Technical University of Crete, Greece
Title: A System-of-Systems Approach to the Analysis and Control of Sustainability
Yannis A. Phillis received his diploma in electrical and mechanical engineering from the National Technical University of Athens, Greece, in 1973 and the M.S., Engineer Degree, and Ph.D. degrees from the University of California, Los Angeles, in control systems in 1978, 1979, and 1980, respectively.
From 1980 to 1986, he was with Boston University, Boston, MA. Since 1986, he has been with the Department of Production Engineering and Management, Technical University of Crete, Chania, Greece where he is professor and director of the CAM Laboratory.

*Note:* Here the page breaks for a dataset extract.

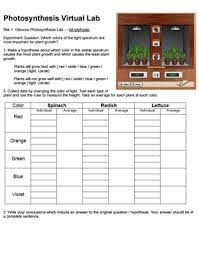 Photosynthesis Virtual Lab Photosynthesis Photosynthesis Worksheet Biology Activity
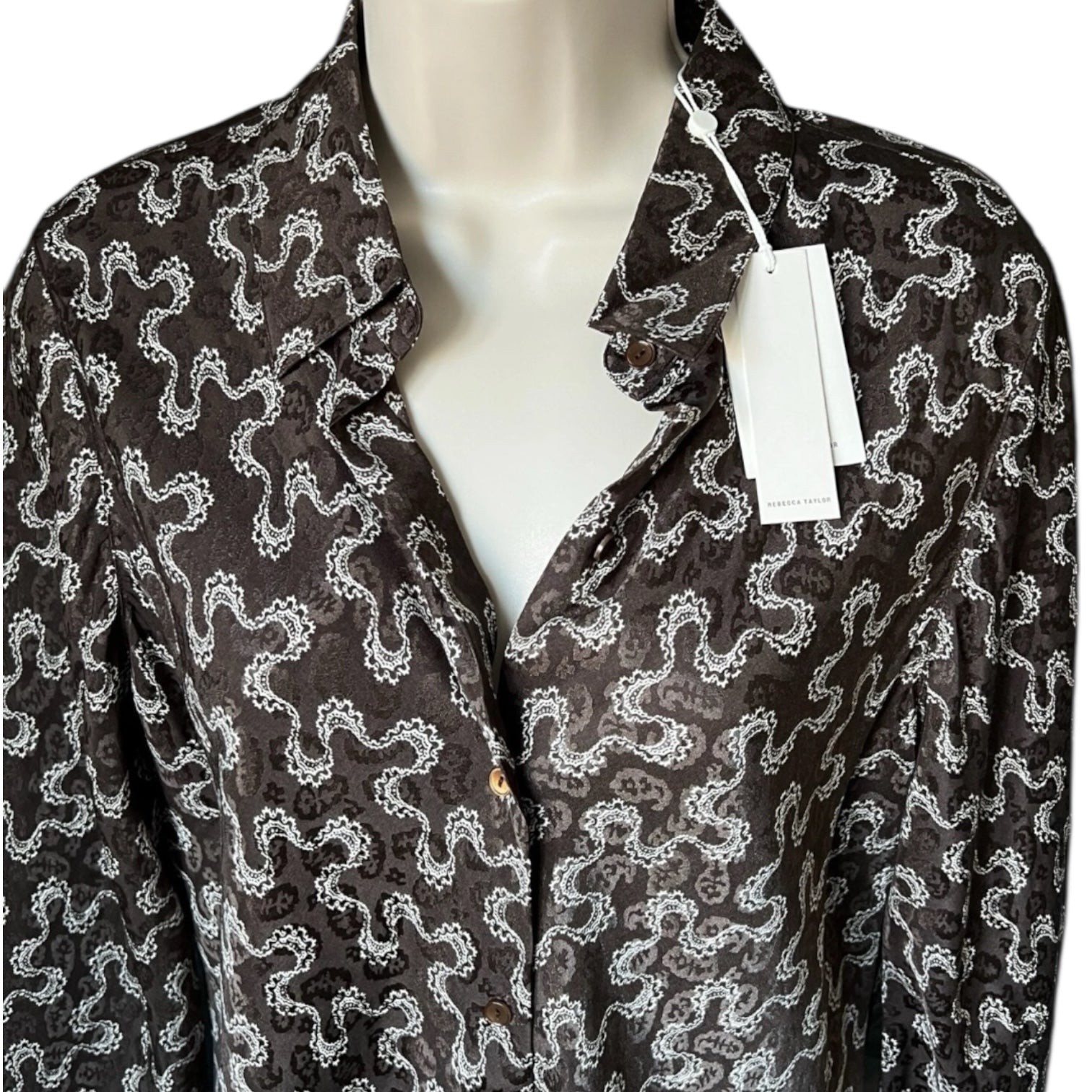 Rebecca Taylor Silk Jacquard Blouse – Collared Button Shirt, Brown, M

In 1992 and between 2005 and 2007 he was visiting professor at UCLA's Chemical Engineering Department. Between September and October 2008, as Onassis Foundation Senior Visiting Fellow in the US, he lectured on environmental issues in four American Universities. His research interests are in stochastic control, discrete-event systems, and applications in manufacturing networks and environmental systems.

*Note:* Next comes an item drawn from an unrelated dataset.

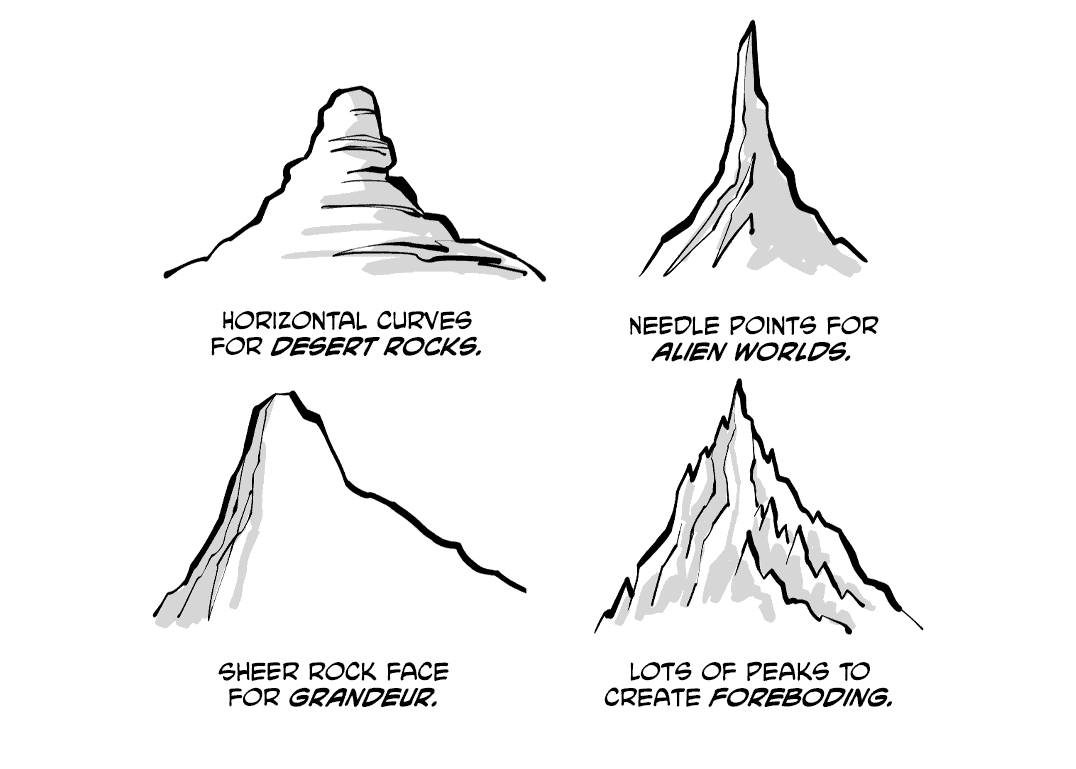 How to draw mountains - Step 6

Dr. Phillis is Book Editor of the Journal of Intelligent and Robotic Systems, Advisory Board Member for the IEEE Systems Journal, Associate Editor for the International Journal of Engineering Management, Member of the Editorial Advisory Board for the Environmental Engineering and Management Journal, and was on the Editorial Board of the Encyclopedia of Life Support Systems, and past Editor of the IEEE Robotics and Automation Magazine. He has also served as Trustee of the Venizelos Research Institute and the Center of Mediterranean Architecture in Greece between 1999 and 2005.
He is the recipient of numerous honors among which Professor of the Year Award at Boston University in 1986, an award by the Academy of Athens for his environmental activities in 2007, Fellow of the Venizelos Research Institute in Greece, recipient of awards by the Municipalities of Chania and Assini, Greece in 2005 and 2008 respectively for his service to society, and recipient of a "Lifetime Achievement Award", for his contributions to production and environmental systems and leadership in higher education at the World Automation Conference 2010, Kobe, Japan.

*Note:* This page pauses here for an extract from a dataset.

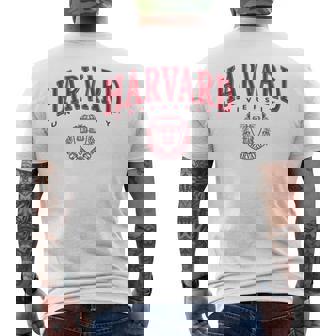 Harvard University Classic Red Shield Gray T-Shirt mit Rückendruck - Geschenkecke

He was general chair of the Fifth International Conference on Advances in Communication and Control (1995) and the 3d and 5th International Conference on Management of Technological Change (2003, 2005).
Dr. Phillis was rector of the Technical University of Crete for 10 years until 2005. In 1994 founded and developed the 80-acre Park for the Preservation of Flora and Fauna in Crete. The Park has a laboratory for the study and preservation of endangered plant species, which is also actively involved in ethnobotanical issues. The Park is visited by thousands of people every year.
He has published over 100 scientific papers and four technical books. He is an award winning writer in Greece and the US, having published five poetry collections, three novels, and two environmental books. He is a Fellow of AAAS; a Senior Member of IEEE; and Member of Sigma Xi; Poets and Writers, USA; P.E.N. Club; and the European Art Center, Athens.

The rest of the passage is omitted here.